Running racer.sh 2.4.50-79-gaed8203 with some local patches (LU-3072, LU-3348, LU-3233, LU-3448) I can reproduce the following oops in vvp_io_fault_iter_init():

00000100:00100000:0.0:1371755423.271136:0:30780:0:(client.c:1805:ptlrpc_check_set()) Completed RPC pname:cluuid:pid:xid:nid:opc 19:1868864a-63ce-938d-b909-2dada17703ae:30780:1438389041886196:0@lo:49
00000080:00020000:0.0:1371755423.271146:0:30780:0:(vvp_io.c:1241:vvp_io_init()) lustre: refresh file layout [0x2c0000401:0x3467:0x0] error -13.

BUG: unable to handle kernel NULL pointer dereference at 00000000000000b0
IP: [<ffffffffa0ce2bbc>] vvp_io_fault_iter_init+0x4c/0xc0 [lustre]
...
Pid: 30780, comm: 19 Tainted: P           ---------------    2.6.32-279.19.1.el6_lustre_gcov.x86_64 #1 Bochs Bochs
RIP: 0010:[<ffffffffa0ce2bbc>]  [<ffffffffa0ce2bbc>] vvp_io_fault_iter_init+0x4c/0xc0 [lustre]
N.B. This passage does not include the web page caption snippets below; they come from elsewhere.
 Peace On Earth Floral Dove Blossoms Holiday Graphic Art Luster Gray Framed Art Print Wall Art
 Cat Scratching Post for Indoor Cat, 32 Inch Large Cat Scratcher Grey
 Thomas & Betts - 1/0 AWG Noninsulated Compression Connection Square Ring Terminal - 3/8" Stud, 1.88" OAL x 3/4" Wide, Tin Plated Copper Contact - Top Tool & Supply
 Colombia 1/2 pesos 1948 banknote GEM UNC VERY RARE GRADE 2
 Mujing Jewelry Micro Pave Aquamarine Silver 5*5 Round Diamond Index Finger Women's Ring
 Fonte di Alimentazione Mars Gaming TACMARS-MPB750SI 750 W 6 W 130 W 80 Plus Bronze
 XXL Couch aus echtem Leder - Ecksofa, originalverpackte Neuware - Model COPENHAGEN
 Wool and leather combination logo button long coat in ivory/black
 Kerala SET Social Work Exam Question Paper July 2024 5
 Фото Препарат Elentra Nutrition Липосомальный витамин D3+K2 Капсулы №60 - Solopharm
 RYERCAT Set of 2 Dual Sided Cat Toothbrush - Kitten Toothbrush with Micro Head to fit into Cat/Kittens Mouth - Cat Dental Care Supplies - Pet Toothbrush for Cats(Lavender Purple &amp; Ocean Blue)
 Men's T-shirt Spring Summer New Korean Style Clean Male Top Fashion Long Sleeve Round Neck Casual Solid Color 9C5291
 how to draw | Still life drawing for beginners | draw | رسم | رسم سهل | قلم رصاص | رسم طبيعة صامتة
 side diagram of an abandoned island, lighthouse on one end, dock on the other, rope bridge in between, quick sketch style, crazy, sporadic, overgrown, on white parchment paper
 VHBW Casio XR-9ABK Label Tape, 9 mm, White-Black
RSP: 0018:ffff88014196daf8  EFLAGS: 00010292
RAX: 0000000000000000 RBX: ffff88016554b870 RCX: 0000000000000000
RDX: ffff880160625400 RSI: ffffffffa0d0f0a0 RDI: ffff8801647e4ca0
RBP: ffff88014196db18 R08: 0000000000000000 R09: ffff880164fe68c8
R10: 0000000000000003 R11: 0000000000000000 R12: ffff8801647e4c68
R13: ffff880147805738 R14: ffff88016554c610 R15: ffff88014196dbd8
FS:  00007f6d52008700(0000) GS:ffff880028200000(0000) knlGS:0000000000000000
CS:  0010 DS: 0000 ES: 0000 CR0: 000000008005003b
CR2: 0000000001eac45c CR3: 0000000141551000 CR4: 00000000000006f0
DR0: 0000000000000000 DR1: 0000000000000000 DR2: 0000000000000000
DR3: 0000000000000000 DR6: 00000000ffff0ff0 DR7: 0000000000000400
Process 19 (pid: 30780, threadinfo ffff88014196c000, task ffff88016547e040)
Stack:
 ffff88016554b870 ffff880164fe68c8 ffff8801647e4c68 ffff88014196dbc8
<d> ffff88014196db48 ffffffffa04a529d ffff88016547e040 ffff880164fe68c8
<d> ffff8801647e4c68 ffff88016356b148 ffff88014196db78 ffffffffa04a9cec
Call Trace:
 [<ffffffffa04a529d>] cl_io_iter_init+0x5d/0x110 [obdclass]
 [<ffffffffa04a9cec>] cl_io_loop+0x4c/0x1b0 [obdclass]
 [<ffffffffa0cc6552>] ll_fault+0x2c2/0x4d0 [lustre]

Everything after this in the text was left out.